Она, первобытная и могущественная, почувствовала вдруг, что женское начало ее тела вырвалось наружу, неся в себе материнскую долю кормления и убежища, разом рассеивая проклятия цивилизации и погружая их в блаженство инстинктов и природного начала. Ей захотелось пить и есть. Она заглянула в его глаза и в них увидела своих родителей, которые тоже занимались любовью. Словно совершая инцест, она вспомнила о всех тех ласках, которые они ей недодали, и насладилась результатом движения своих окружностей на углах и ребрах мужского тела.
Никогда еще она не чувствовала себя такой открытой по отношению к другому человеческому существу. В этот момент она поняла, почему любовь могла спасать и почему ее боятся.

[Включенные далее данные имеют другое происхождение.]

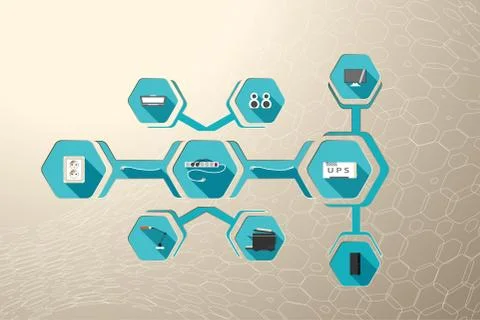 Blank of infographics set of desktop computer periphery electrical connection Stock Illustration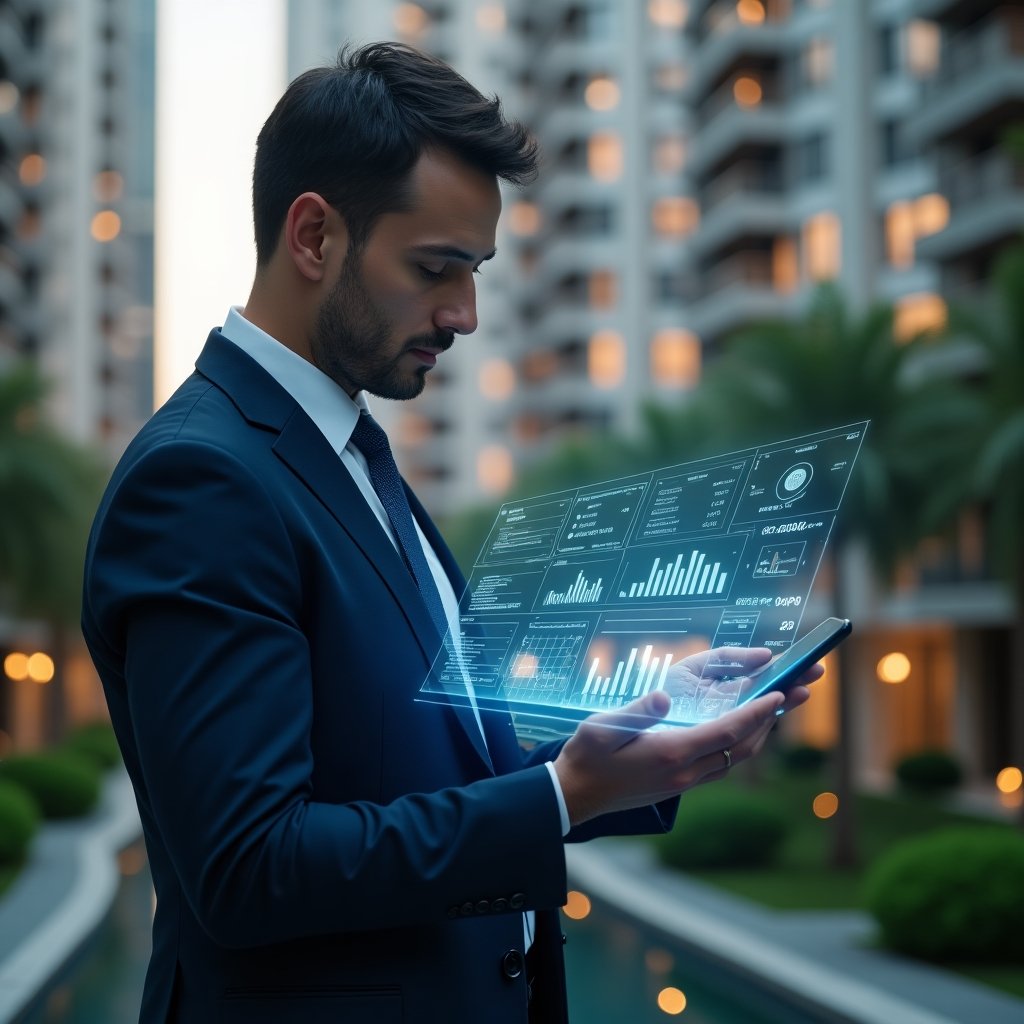 Ultra-realistic condominium manager in a tailored navy suit, set in a modern luxury condominium environment with high-rise buildings and manicured green landscaping, analyzing a holographic financial dashboard displaying charts and key performance indicators, with floating icons of graphs, currency symbols and timers, looking confident and focused, cinematic lighting, shallow depth of field, highly detailed textures, realistic skin, photographic realism, 8k resolution --ar 1:1 --v 6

Во дворе Моррис продолжал петь. Его голос выделялся среди остальных восторженной, глубокой манерой исполнения старинных гимнов и коллективных песнопений, словно это горло было населено призраками. Мелисандра закрыла глаза и снова увидела его, намазанного блестящим порошком. Вспомнила глаза Энграсии, уставившиеся на него, словно два круглых черпака, убаюкивающих его, вспомнила, как он бросился танцевать ритуальный танец, призванный вызвать дождь, под аккомпанемент алюминиевых пластин. Дождь так и не начался, несмотря на сверкающие накаленные молнии вдали, над озером. Затем они услышали, как Моррис запел красивый утешительный гимн, мотив которого витал над грязью, хламом, сверкающим порошком, взывая к сосредоточенному молчанию, к плачу:
«Прекрасен звук благодати, который спас такого несчастного человека, как я. Я был потерян, но я обрел себя. Я был слеп, но, наконец, я вижу».
Рафаэль прослезился. Он оставил щелку в окне, чтобы продолжать слушать Морриса, и слушал песни до самой зари. Казалось, будто обреченные на смерть пели, чтобы растрогать смерть. Мелисандра почувствовала себя одинокой. Она накрыла Рафаэля простыней и накрылась сама. Скоро рассветет. Но эта длинная ночь была только началом.
Они услышали, как вернулись те, кто был на пристани. Моррис не позволил больше никому прикасаться к блестящему порошку. Ничего больше не объясняя, отправил всех спать.
Рафаэль завел разговор о возвращении в свою страну.
— Твоя страна… — прошептала Мелисандра. — Если происходят такие вещи, я спрашиваю себя, зачем тогда нужна была цивилизация.
«Сколько нам еще осталось?» — подумал Моррис, закрывая лицо подушкой. Рассветный луч разогнал собрание во дворе. Он был обессилен. У него болело горло, и он едва мог говорить. Возможно, так лучше: ему нечего сказать. Ему казалось, что он все сказал в песнях, воспевая жизнь, смерть, радость и печаль. Плохо то, что теперь ему предстояло быть прямым и откровенным. Не объясняться знаками, посредством символов, а называть смерть своим именем, отсчитывая отведенные им дни, разделить смертельный приговор с Энграсией и каждым из ребят.